Information given:

<<<<

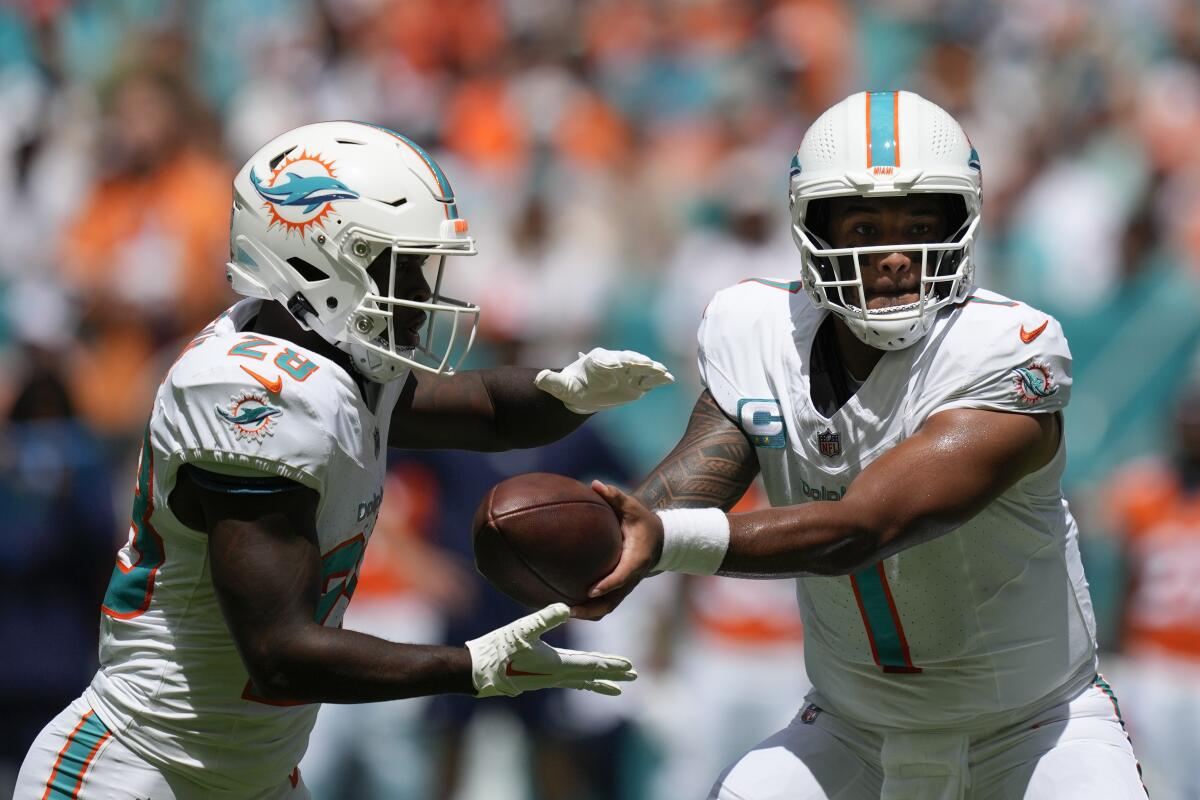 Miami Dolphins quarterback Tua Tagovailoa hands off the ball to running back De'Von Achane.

>>>>
<<<<

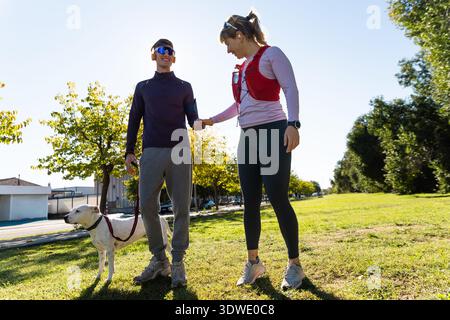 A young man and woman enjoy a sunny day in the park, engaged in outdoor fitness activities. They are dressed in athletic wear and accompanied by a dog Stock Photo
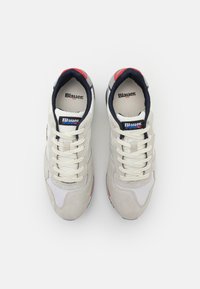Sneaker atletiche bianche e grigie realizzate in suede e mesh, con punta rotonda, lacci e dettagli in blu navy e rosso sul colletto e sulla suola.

>>>>

Work instructions: Only the lines of the listing above from the one with "A young man" through the one with "Sneaker atletiche bianche" should be output, exactly, with both ends kept and pictures left out.

Task solution:
 A young man and woman enjoy a sunny day in the park, engaged in outdoor fitness activities. They are dressed in athletic wear and accompanied by a dog Stock Photo
Sneaker atletiche bianche e grigie realizzate in suede e mesh, con punta rotonda, lacci e dettagli in blu navy e rosso sul colletto e sulla suola.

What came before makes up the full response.